E. 3 La présente plainte est, en outre, conforme aux exigences de formes prescrites par les art. 20a al. 3 LP et 9 al. 4 LaLP et le débiteur poursuivi a la qualité pour agir par cette voie dans le cadre de la poursuite n° 13 xxxx40 H .

Cette plainte sera dès lors déclarée recevable à la forme.

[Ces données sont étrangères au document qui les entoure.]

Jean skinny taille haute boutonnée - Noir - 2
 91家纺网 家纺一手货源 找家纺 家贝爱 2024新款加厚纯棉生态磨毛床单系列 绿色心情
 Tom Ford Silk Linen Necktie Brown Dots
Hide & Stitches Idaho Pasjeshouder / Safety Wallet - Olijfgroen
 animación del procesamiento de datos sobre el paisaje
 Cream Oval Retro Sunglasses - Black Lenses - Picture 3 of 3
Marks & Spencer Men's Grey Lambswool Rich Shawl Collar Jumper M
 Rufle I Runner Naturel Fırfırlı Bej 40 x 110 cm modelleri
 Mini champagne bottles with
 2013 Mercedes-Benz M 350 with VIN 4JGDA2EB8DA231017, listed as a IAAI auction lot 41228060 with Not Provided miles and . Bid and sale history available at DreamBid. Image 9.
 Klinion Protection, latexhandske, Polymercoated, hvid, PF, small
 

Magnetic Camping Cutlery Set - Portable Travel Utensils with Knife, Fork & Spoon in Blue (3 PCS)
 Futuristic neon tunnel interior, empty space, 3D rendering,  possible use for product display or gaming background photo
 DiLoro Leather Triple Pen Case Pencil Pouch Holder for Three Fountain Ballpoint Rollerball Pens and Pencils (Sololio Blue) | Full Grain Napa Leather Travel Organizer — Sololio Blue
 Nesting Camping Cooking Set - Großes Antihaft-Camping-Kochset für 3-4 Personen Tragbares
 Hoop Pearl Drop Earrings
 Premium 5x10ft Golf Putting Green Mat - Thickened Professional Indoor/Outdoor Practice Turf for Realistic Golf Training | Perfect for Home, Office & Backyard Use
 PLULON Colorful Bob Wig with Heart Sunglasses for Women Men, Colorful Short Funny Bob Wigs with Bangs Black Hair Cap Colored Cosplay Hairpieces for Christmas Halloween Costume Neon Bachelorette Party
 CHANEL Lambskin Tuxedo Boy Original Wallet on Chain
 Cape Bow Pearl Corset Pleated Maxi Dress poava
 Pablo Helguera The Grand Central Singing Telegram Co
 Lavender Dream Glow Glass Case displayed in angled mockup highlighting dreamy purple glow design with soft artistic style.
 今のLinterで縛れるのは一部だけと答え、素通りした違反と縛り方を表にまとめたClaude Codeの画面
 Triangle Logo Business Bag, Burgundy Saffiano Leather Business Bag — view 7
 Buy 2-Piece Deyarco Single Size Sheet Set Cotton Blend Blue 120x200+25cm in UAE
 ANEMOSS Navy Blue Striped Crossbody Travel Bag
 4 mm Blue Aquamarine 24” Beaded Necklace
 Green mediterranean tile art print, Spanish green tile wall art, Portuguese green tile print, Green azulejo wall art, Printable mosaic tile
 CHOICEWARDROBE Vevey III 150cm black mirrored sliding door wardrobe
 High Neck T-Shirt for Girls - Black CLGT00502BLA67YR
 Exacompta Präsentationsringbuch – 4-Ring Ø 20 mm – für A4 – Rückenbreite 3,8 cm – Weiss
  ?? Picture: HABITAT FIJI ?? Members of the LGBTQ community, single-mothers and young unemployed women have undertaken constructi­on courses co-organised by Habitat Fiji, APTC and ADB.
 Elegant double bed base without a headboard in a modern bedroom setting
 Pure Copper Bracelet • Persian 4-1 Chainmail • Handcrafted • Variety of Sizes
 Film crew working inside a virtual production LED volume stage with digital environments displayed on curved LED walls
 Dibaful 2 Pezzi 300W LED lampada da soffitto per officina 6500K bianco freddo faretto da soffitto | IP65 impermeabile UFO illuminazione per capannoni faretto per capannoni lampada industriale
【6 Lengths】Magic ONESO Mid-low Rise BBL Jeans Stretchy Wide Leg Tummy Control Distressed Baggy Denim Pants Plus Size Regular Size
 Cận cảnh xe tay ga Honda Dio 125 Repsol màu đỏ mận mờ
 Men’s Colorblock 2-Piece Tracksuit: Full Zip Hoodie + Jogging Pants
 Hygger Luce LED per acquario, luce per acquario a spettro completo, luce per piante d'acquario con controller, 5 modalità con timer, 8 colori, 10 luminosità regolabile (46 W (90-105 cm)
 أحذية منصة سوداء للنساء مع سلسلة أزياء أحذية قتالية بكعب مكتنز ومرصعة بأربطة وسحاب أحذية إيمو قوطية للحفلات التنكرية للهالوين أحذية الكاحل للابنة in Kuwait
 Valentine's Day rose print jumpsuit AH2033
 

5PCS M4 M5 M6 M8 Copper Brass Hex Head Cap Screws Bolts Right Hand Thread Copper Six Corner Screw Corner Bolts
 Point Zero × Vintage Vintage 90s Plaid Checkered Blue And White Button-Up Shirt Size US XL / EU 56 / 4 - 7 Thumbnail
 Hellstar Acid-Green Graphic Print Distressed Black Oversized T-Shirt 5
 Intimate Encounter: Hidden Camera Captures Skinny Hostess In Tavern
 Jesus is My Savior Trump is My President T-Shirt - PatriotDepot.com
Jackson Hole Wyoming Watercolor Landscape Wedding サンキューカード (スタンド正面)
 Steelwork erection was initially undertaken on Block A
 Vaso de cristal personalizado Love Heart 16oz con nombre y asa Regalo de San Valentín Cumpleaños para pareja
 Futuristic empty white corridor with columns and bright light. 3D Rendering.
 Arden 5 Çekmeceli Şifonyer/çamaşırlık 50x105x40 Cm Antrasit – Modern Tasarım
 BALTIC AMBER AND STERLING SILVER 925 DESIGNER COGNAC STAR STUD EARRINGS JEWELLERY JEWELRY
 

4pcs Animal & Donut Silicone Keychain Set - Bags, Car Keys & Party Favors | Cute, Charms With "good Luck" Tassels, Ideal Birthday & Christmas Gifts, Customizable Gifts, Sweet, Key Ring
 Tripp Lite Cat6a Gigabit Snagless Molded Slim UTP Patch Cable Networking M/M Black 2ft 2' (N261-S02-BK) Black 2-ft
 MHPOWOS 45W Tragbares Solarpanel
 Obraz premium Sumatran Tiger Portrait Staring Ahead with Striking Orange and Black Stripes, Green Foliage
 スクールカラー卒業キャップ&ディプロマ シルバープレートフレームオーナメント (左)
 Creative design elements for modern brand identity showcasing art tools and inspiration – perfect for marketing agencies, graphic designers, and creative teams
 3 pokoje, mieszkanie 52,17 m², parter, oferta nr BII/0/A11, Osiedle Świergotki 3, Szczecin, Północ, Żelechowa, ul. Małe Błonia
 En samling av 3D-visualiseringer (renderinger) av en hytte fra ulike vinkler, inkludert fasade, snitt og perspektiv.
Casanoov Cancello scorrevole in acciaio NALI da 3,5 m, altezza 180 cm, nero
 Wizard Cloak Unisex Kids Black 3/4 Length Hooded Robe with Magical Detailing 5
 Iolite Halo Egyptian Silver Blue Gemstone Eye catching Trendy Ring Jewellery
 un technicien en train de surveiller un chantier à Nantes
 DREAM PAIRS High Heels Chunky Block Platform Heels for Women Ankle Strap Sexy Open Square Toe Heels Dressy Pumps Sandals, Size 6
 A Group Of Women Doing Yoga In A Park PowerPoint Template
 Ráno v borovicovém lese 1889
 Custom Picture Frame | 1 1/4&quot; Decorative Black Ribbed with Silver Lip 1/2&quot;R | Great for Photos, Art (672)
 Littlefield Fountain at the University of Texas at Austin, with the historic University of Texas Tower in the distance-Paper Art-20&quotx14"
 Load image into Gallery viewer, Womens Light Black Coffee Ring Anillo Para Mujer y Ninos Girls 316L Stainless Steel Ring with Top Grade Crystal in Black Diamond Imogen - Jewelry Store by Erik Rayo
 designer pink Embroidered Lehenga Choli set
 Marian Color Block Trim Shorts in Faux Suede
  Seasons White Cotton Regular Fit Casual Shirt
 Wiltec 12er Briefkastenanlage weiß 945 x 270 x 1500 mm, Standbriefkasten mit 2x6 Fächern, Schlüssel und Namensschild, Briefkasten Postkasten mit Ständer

E. 4 Le plaignant y fait d'abord grief à la Chambre de surveillance de lui avoir notifié en temps inopportun sa précédente décision DCSO/88/15, prononcée le 26 février 2015 et rejetant sa plainte contre un premier avis de saisie. Il avait en effet été malade jusqu’au 14 avril 2014, ce qui l’avait privé de son droit de recours contre cette décision devant le Tribunal fédéral. Or, ce délai de recours n'a commencé à s'écouler qu'à réception de cette décision par le plaignant, soit lorsqu'elle a été retiré au guichet postal le 23 mars 2015 par ce dernier ou par son représentant habilité à le faire. Que le plaignant ait été encore malade à cette date n'est pas relevant, dès lors que les parties peuvent se faire représenter par un avocat devant le Tribunal fédéral si elles ne peuvent plaider en personne. Ce premier grief du plaignant est dès lors infondé, de sorte qu'il n'y a pas lieu de procéder à une nouvelle notification de la précédente décision de la Chambre de surveillance DCSO/88/15.

E. 5 Le plaignant fait par ailleurs valoir dans sa présente plainte qu'il ne serait pas le débiteur de la créance poursuivie, la poursuite fondant l'avis de saisie présentement querellée étant, de surcroît, abusive car tous les tribunaux saisis s'étaient prononcés uniquement sur les prétentions de la banque à son encontre au mépris des siennes et de tous ses droits fondamentaux.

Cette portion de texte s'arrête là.